Last post 07:05 pm July 2, 2024 by Daniel Wilhite
4 replies
10:13 pm June 30, 2024

My company is considering moving to Agile from waterfall development environment for embedded code and supporting mobile apps.  There is a fairly contentious misalignment about where to put software test (QA). Everyone agrees to integrate the Developers, UX, QA into the scrum team.  The organization can't agree on weather to leave QA in their traditional functional reporting position or move them into the R&D organization with the rest of the scrum team.   Will it matter?  I would love to hear what people think.


06:36 pm July 1, 2024

If the company wants different and more agile outcomes, they'll need at least one Done finished increment of immediate usable quality each Sprint. In Scrum, the Developers are accountable for ensuring this quality. Would it be possible for them to do so without QA testing?


06:42 pm July 1, 2024

I don't think it will matter that much, assuming that the broader organizational structures don't get in the way of motivated individuals on a self-organizing team being trusted by the stakeholders to deliver high quality software.

Specifically with quality assurance, the idea of independence comes up often. Having managerial independence of your quality assurance team members can help ensure that they aren't influenced, such as management pressure to shortchange quality and testing for faster delivery. However, independence often comes with a cost of additional management overhead and may not be necessary in your context. It's often more useful when building critical systems or in regulated environments.


09:30 am July 2, 2024

The purpose of doing sprint is to give chance to stakeholders to inspect on the plan, progress, state of the product and adapt next sprint based on the feedback. If there will be some work to be done(like QA etc) after the inspection, then the sprint feedback does not reflected on the correct state/status of the product. So there are high chances for iterative way of working does not help your organisation to achieve the goal of the Agile transformation if the Scrum team is not cross-functional enough to deliver increments within a sprint.


07:05 pm July 2, 2024

I have worked in similar situations.  Since you mentioned that the company wants to move to Agile from waterfall, Scrum is not driving force in what you do.  Agile is a marketing term created by people that wanted to capitalize off of the Manifesto for agile software development.  However, being agile is main premise for why that manifesto was created and should be something that organizations in today's environment, that deal with fluid environments can use effectively.  

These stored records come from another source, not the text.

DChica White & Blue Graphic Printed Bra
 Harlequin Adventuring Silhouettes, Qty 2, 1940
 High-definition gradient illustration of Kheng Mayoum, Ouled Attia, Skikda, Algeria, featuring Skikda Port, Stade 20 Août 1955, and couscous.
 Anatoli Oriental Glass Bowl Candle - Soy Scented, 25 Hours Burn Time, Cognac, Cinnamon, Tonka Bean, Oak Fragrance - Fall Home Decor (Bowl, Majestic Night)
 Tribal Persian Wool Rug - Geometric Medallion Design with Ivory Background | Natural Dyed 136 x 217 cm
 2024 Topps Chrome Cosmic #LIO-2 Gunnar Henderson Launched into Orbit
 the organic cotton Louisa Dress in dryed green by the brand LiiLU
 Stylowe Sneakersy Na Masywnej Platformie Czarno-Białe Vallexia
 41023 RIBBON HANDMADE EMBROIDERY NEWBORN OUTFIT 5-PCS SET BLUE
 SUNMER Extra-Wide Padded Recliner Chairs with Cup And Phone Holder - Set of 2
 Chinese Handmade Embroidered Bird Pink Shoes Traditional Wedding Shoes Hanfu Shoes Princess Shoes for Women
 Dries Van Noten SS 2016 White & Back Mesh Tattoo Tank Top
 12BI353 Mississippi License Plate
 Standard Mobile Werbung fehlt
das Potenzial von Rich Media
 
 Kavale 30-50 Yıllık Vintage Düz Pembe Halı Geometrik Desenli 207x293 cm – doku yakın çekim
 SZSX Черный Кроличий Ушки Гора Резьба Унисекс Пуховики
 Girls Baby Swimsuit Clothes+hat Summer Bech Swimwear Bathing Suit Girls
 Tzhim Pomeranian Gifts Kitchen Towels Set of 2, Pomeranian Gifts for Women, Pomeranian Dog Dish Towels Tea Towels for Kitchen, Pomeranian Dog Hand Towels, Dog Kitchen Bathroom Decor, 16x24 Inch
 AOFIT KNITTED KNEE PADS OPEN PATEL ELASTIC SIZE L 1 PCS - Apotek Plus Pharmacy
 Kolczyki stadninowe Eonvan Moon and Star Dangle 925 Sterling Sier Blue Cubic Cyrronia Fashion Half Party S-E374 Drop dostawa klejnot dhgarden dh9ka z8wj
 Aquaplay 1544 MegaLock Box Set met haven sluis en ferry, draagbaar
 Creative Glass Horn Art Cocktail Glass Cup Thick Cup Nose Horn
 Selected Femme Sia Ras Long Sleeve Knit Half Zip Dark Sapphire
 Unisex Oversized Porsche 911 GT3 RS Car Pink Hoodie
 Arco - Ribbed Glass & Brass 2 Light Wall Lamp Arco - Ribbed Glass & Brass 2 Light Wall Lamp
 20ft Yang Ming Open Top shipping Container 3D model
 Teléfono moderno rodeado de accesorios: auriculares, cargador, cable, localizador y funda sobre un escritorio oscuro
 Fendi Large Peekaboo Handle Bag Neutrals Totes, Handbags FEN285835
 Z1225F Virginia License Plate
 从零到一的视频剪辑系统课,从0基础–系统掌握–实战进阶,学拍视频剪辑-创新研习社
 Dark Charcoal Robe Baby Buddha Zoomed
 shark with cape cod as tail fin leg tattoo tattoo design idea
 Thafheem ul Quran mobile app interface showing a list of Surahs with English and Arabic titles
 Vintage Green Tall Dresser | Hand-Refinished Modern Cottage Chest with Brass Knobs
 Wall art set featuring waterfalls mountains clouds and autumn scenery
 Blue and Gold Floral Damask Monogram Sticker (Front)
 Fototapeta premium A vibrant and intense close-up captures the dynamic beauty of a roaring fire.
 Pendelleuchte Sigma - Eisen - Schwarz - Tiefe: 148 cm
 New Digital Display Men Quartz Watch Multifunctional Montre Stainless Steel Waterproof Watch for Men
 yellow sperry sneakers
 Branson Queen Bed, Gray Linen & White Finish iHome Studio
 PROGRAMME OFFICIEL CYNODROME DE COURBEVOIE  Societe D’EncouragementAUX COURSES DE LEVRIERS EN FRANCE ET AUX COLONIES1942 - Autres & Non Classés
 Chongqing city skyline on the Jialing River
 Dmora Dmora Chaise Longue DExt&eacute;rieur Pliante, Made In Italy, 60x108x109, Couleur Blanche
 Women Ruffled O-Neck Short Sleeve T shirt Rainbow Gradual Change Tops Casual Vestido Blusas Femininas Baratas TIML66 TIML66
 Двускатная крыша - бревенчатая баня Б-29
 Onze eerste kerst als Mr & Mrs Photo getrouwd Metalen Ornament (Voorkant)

Being agile means that you are able to adapt quickly to changes.  Whether those changes come from environmental, economic or emotional is not a factor. It is just change that occurs quickly that requires adaption to work being done. How the organization of workers is done is often different from group to group.  The key is that the organization does not introduce gates, delays, or processes that decrease their ability to learn about or adapt to changes that happen. 

I have been with organizations that separated different disciplines.  Some of them were able to be more reactive, while others weren't.  I have also worked with organizations that created cross discipline teams.  Again, some were able to be more reactive, while others weren't.  What I have learned is that the organization structure isn't as important as the organization's attitudes towards creating smaller increments of valuable changes in shorter durations.  If the organization says they want to be agile but still require that there only be 4 releases a year and that every release goes through an extensive "full regression cycle", then they aren't interested in being agile. However they are interested in saying that they are Agile. 

My company is considering moving to Agile from waterfall development environment for embedded code and supporting mobile apps.

Why?  What is it that the company hopes to gain by doing this?  What need is driving the necessity to do so? Is there truly an understanding of what this transition means other than using some verbiage? Before the organizational structure is decided, the justification for putting the organization in turmoil and the willingness to change processes must be evaluated.  Without the willingness to change and a driving reason to do so, you won't see anything but new terms and confusion.